## Task item
Repeat the listing below exactly. Pictures do not belong in the copy.

## Given information
.....
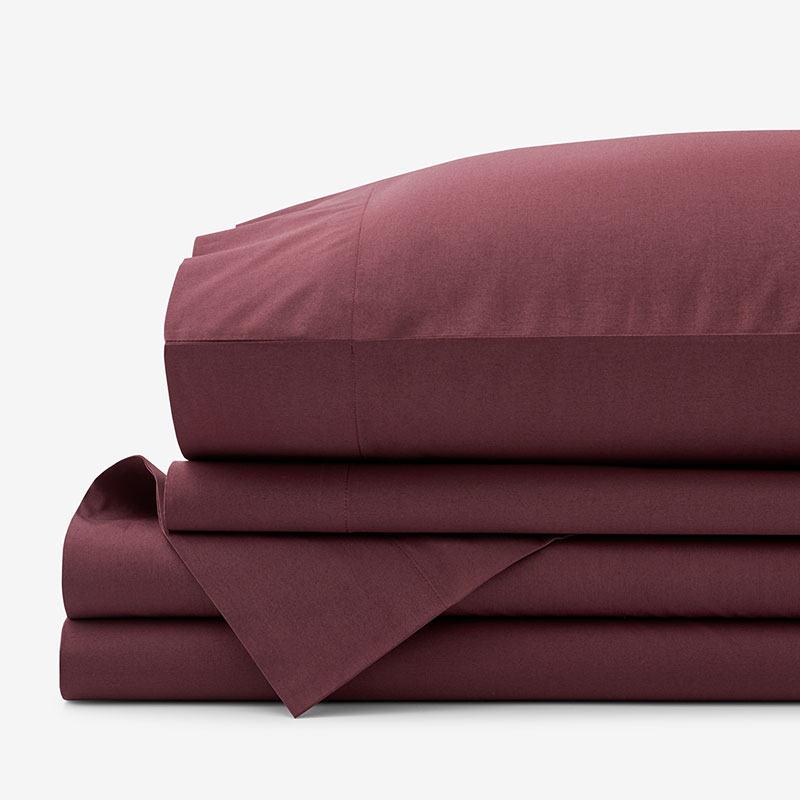 THE COMPANY STORE CLASSIC COOL COTTON PERCALE BED SHEET SET 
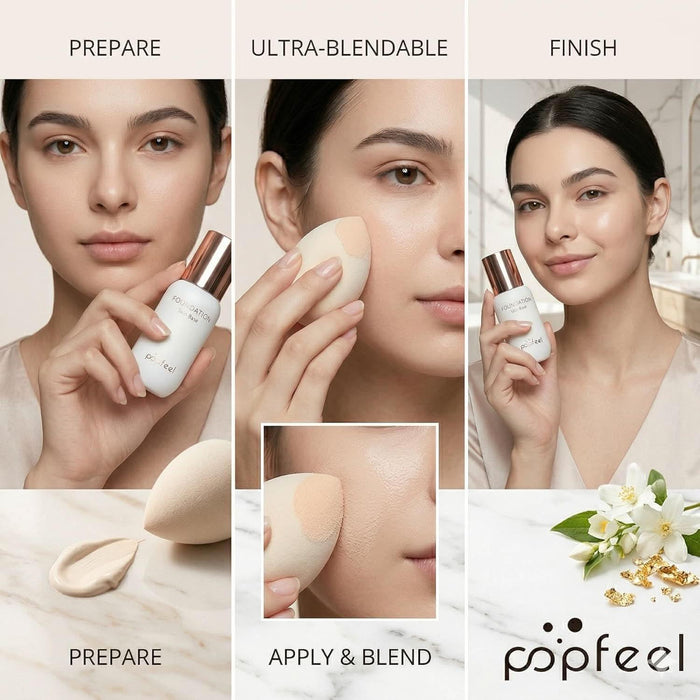 TAVICE 30ml Color - Changing Liquid Foundation Oil - Control Primer Makeup Base Cream - Battery Mate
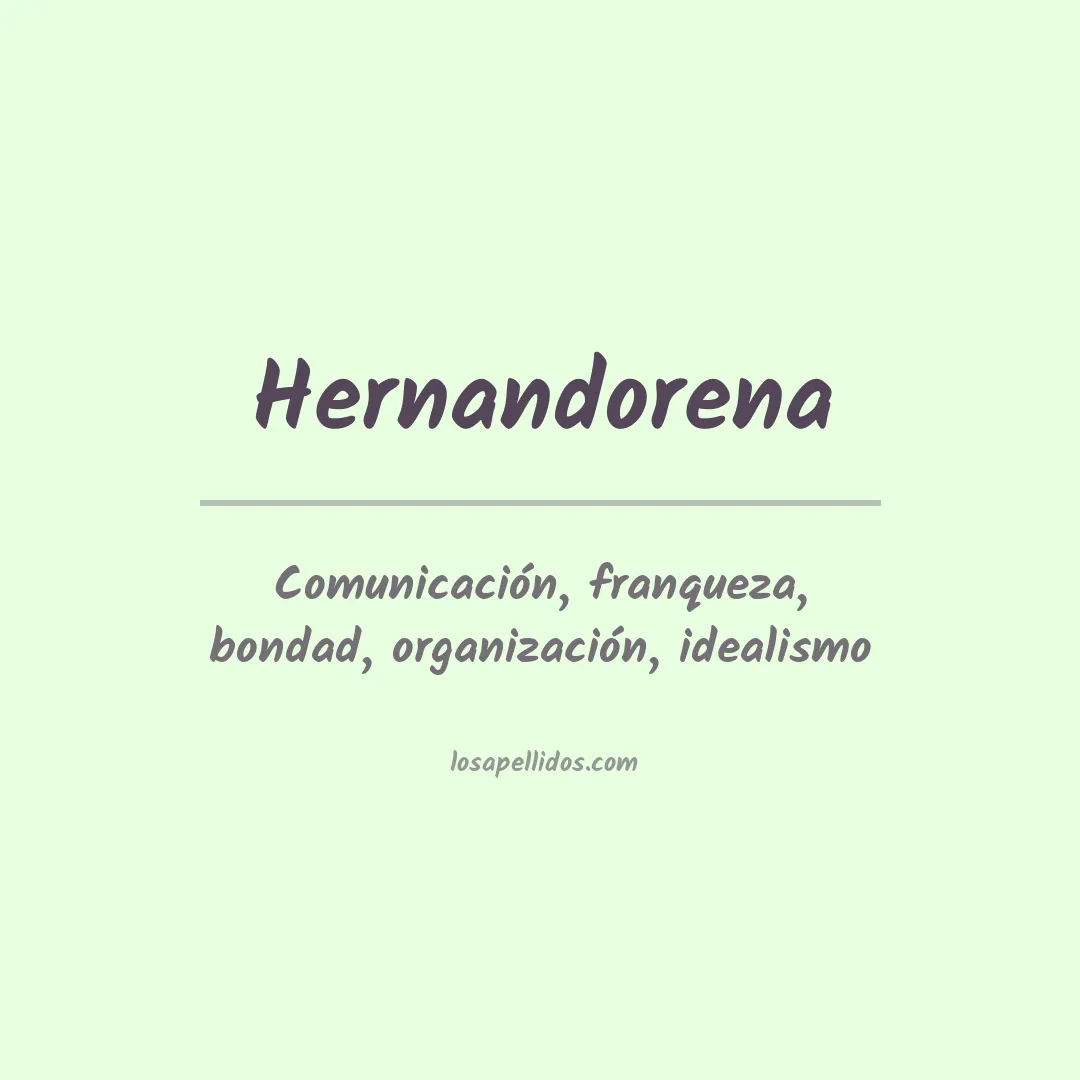 Apellido Hernandorena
.....
## Solution to the exercise
 THE COMPANY STORE CLASSIC COOL COTTON PERCALE BED SHEET SET 
 TAVICE 30ml Color - Changing Liquid Foundation Oil - Control Primer Makeup Base Cream - Battery Mate
 Apellido Hernandorena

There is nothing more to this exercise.